• _BRIEF_
Look below for the line with "2000 Caterpillar 3406E 2WS Running YouTube" and the line with "1999-00 PACIFIC PRISM"; repeat exactly those two lines and all lines between them, but no pictures.

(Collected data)
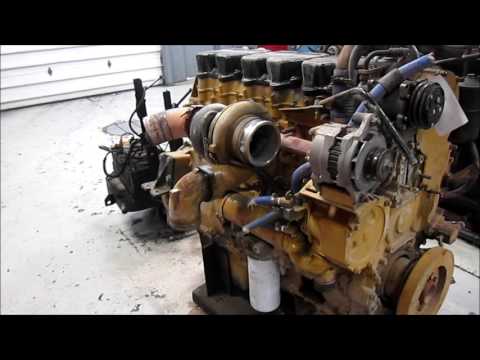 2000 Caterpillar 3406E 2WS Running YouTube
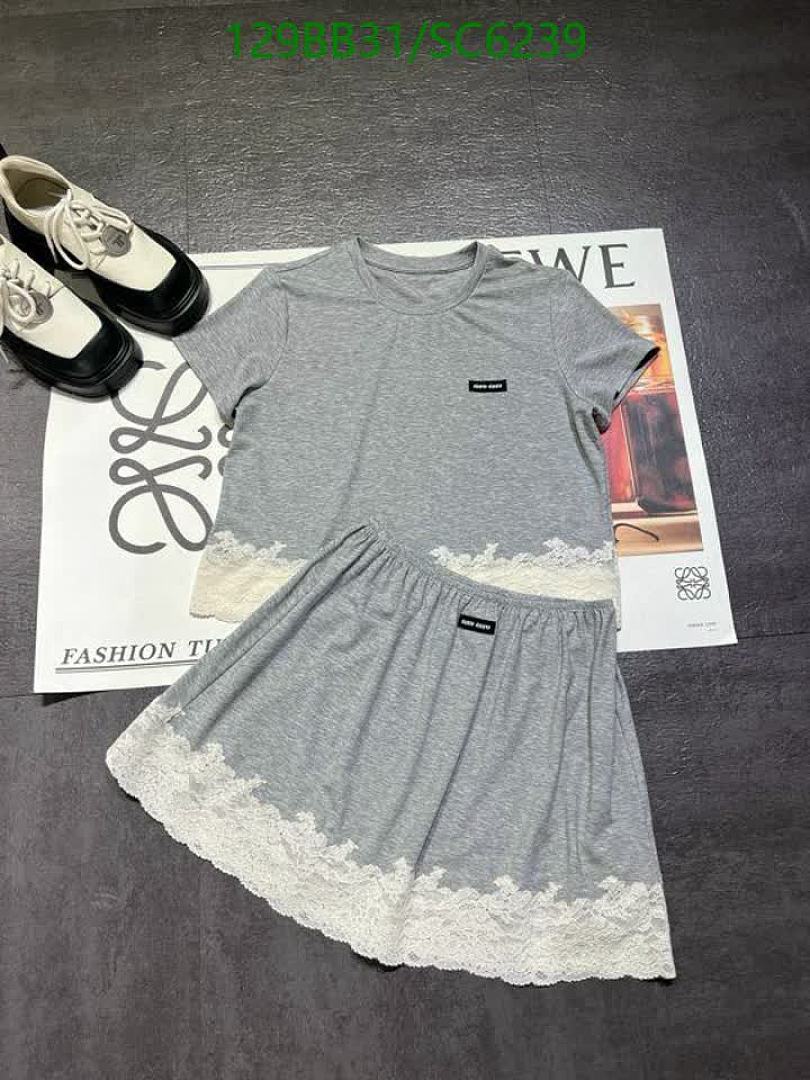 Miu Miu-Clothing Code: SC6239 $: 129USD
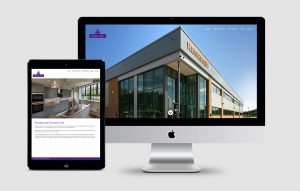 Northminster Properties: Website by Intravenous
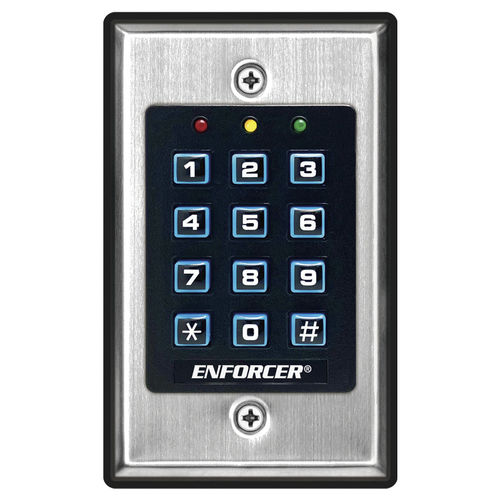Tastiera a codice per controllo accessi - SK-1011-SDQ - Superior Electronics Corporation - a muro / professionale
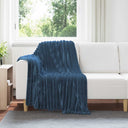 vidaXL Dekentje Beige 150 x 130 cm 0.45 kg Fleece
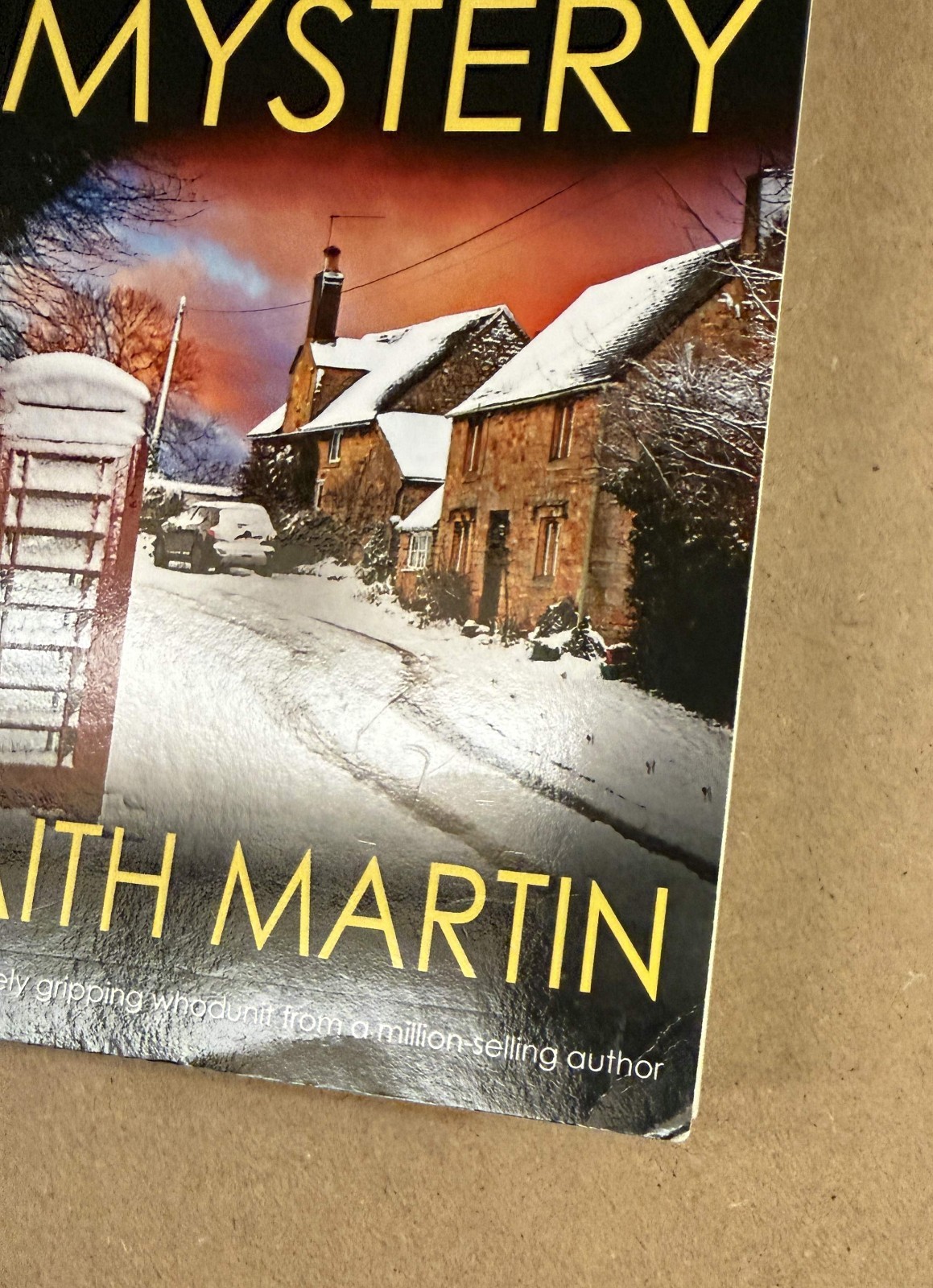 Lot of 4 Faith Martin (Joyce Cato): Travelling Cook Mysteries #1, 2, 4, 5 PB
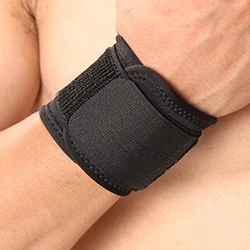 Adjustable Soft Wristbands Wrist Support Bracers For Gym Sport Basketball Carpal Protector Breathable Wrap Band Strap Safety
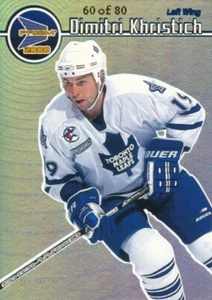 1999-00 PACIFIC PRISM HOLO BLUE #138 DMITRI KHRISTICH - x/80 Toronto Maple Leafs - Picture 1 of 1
...
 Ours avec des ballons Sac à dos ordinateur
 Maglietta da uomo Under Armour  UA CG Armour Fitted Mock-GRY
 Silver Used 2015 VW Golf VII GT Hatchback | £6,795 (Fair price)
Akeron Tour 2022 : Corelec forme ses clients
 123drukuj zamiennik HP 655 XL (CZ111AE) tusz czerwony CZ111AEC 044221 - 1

• _ANSWER TO THIS PROBLEM_
 2000 Caterpillar 3406E 2WS Running YouTube
 Miu Miu-Clothing Code: SC6239 $: 129USD
 Northminster Properties: Website by Intravenous
Tastiera a codice per controllo accessi - SK-1011-SDQ - Superior Electronics Corporation - a muro / professionale
 vidaXL Dekentje Beige 150 x 130 cm 0.45 kg Fleece
 Lot of 4 Faith Martin (Joyce Cato): Travelling Cook Mysteries #1, 2, 4, 5 PB
 Adjustable Soft Wristbands Wrist Support Bracers For Gym Sport Basketball Carpal Protector Breathable Wrap Band Strap Safety
 1999-00 PACIFIC PRISM HOLO BLUE #138 DMITRI KHRISTICH - x/80 Toronto Maple Leafs - Picture 1 of 1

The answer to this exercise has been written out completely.